Items from a dataset
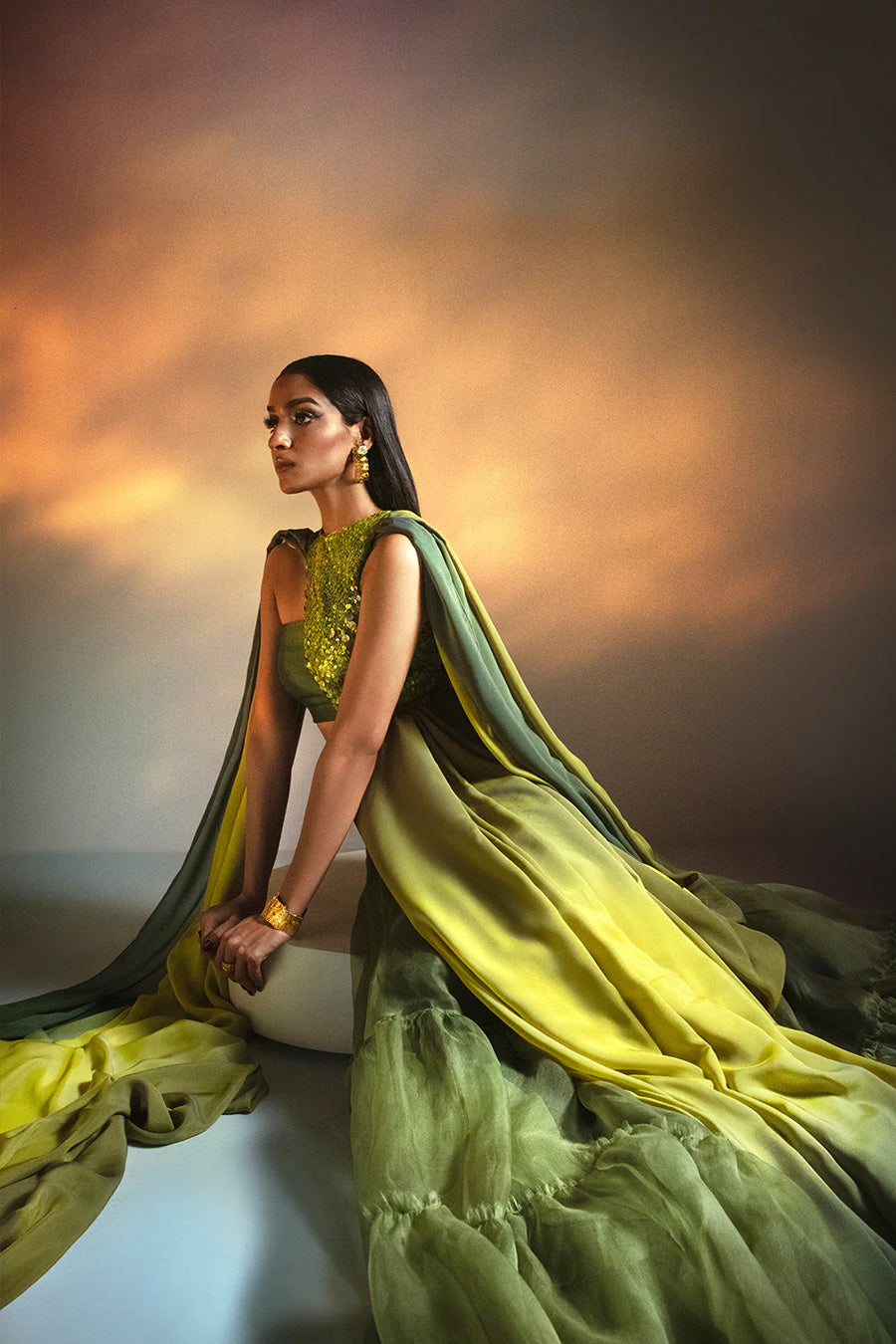Pakistani Lime Green Sequin Italian Chiffon Silk Lehenga (2-Piece) - Image 3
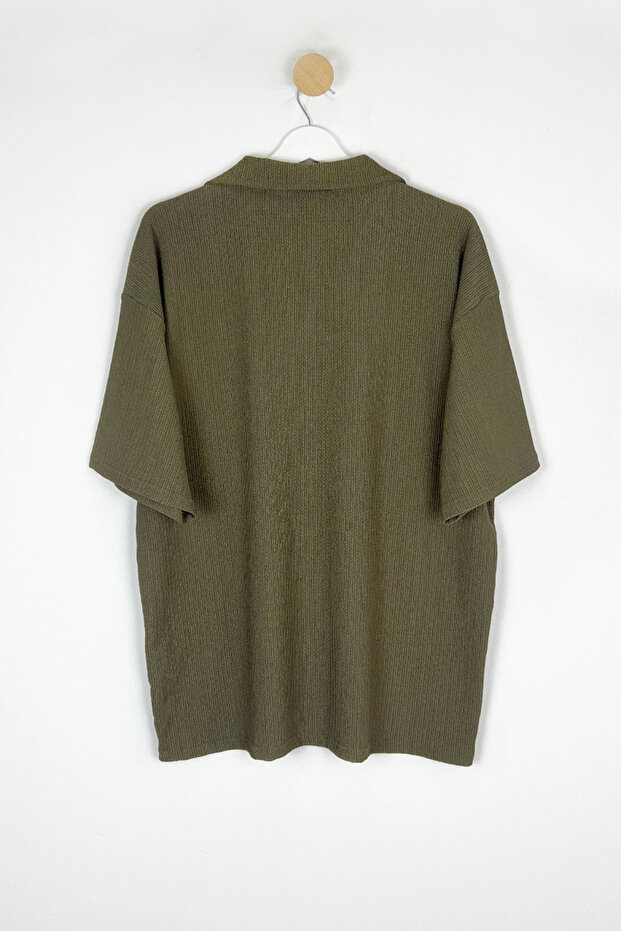 Haki Oversize/Geniş Kesim Bürümcük Dokulu Polo Yaka T-Shirt TMNSS25PO00018 - 6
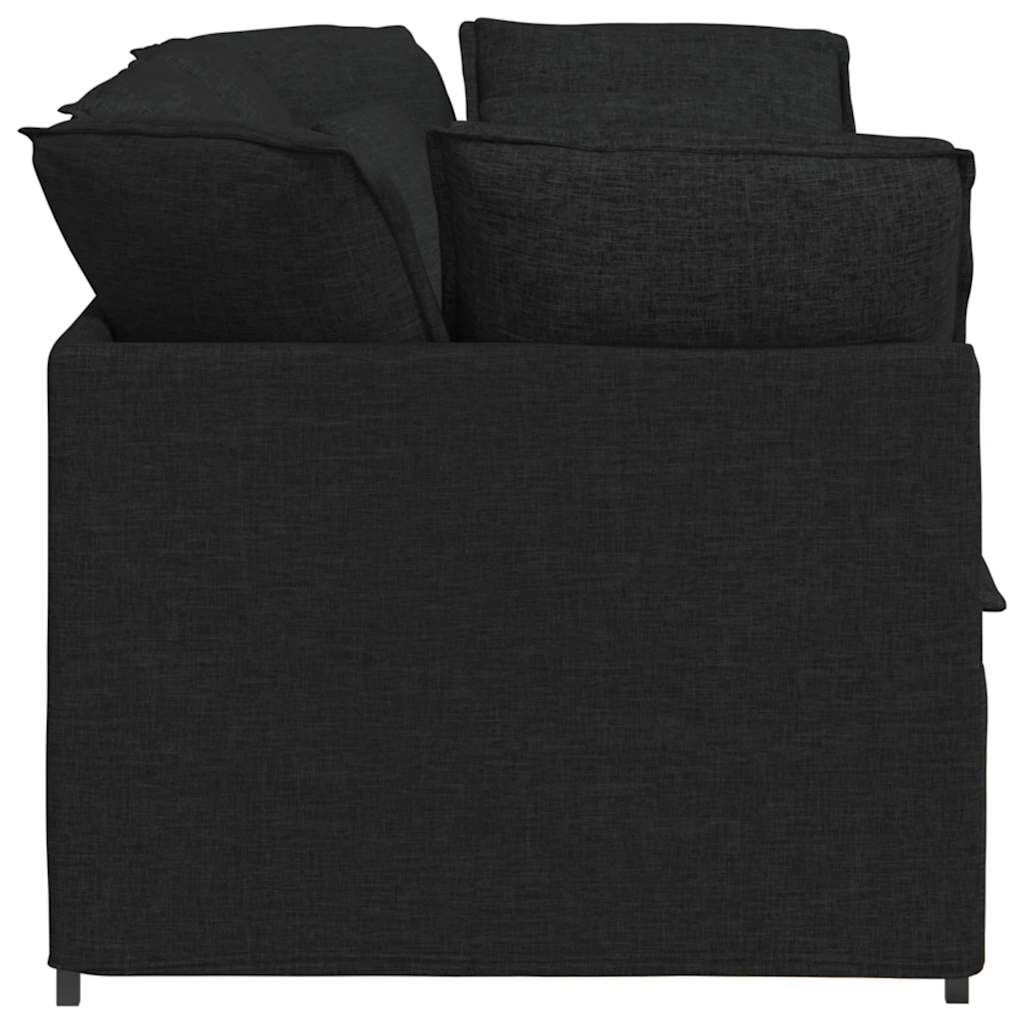 Canapé modulable avec coussins en tissu noir - XIOS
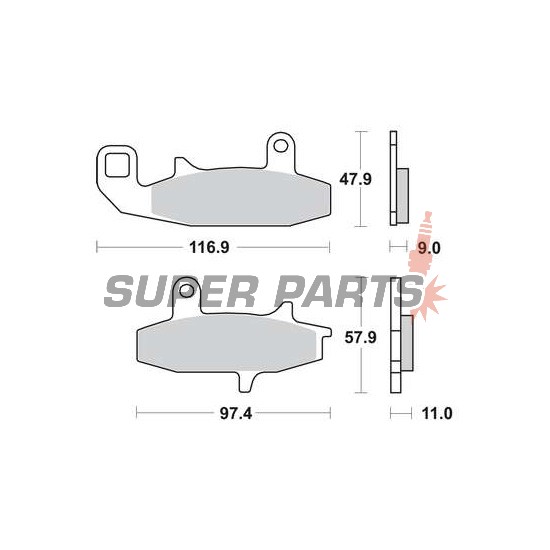 Накладки -TRW- MCB597, Honda VTZ250 Xelvis, Suzuki DR650/650R/RS/RSE/RE/SE, DR750S-800S Big (1988-1996)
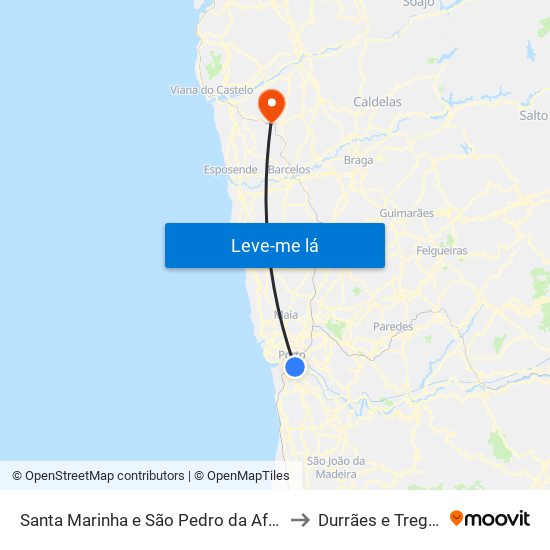 Santa Marinha e São Pedro da Afurada to Durrães e Tregosa map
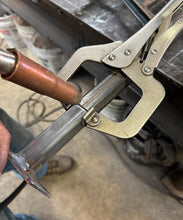 Load image into Gallery viewer, Weld on metal outdoor Handrail bracket 10” repair mount -1&quot; rusty Railings Post- broken out of concrete w bolts Black paint
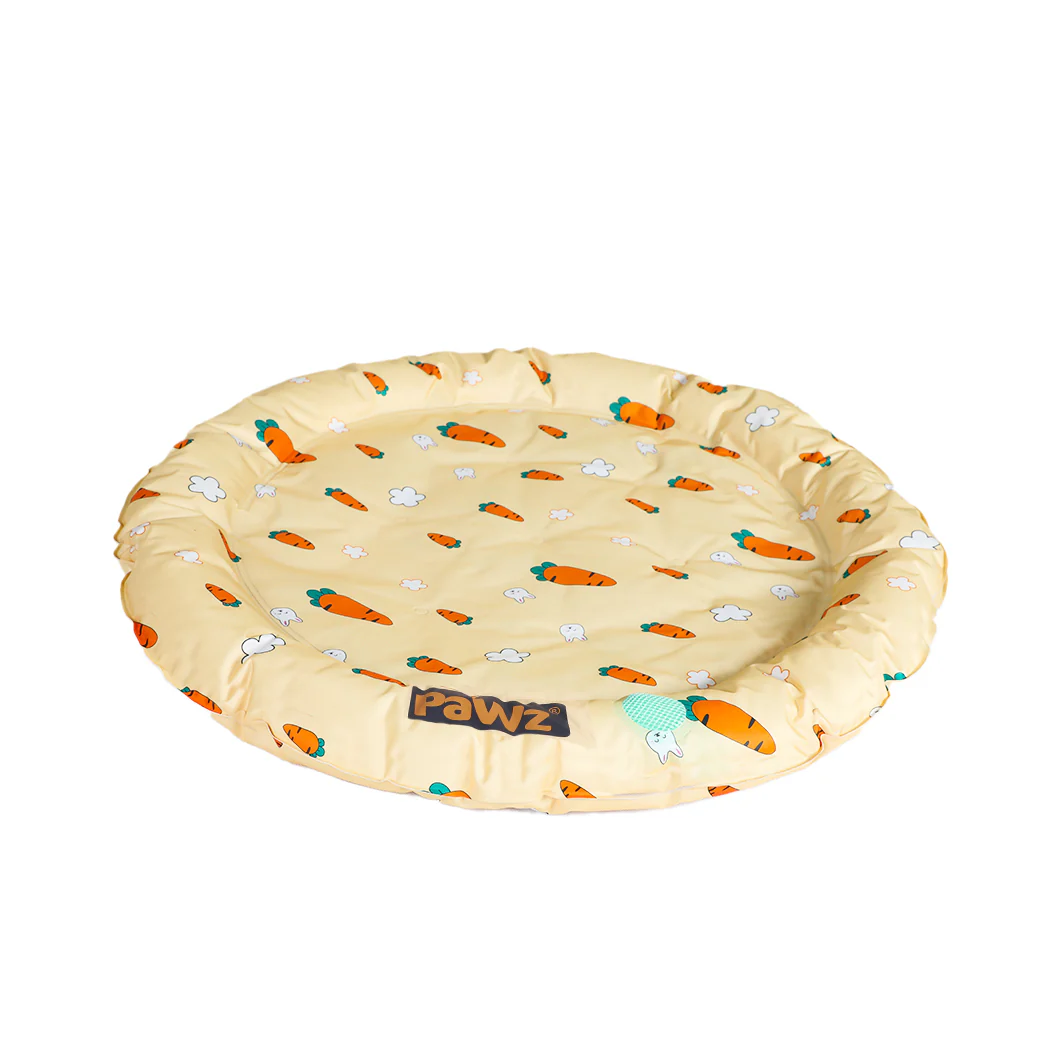 LARGE Dog Beds Pet Bolster Cool Gel Mat - Yellow - Nurns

### Task goal
The line containing "Santa Marinha e" marks where the copy ends; print every line before it from the start of the records, and that line too, but no pictures.

### Finished exercise
Pakistani Lime Green Sequin Italian Chiffon Silk Lehenga (2-Piece) - Image 3
 Haki Oversize/Geniş Kesim Bürümcük Dokulu Polo Yaka T-Shirt TMNSS25PO00018 - 6
 Canapé modulable avec coussins en tissu noir - XIOS
 Накладки -TRW- MCB597, Honda VTZ250 Xelvis, Suzuki DR650/650R/RS/RSE/RE/SE, DR750S-800S Big (1988-1996)
 Santa Marinha e São Pedro da Afurada to Durrães e Tregosa map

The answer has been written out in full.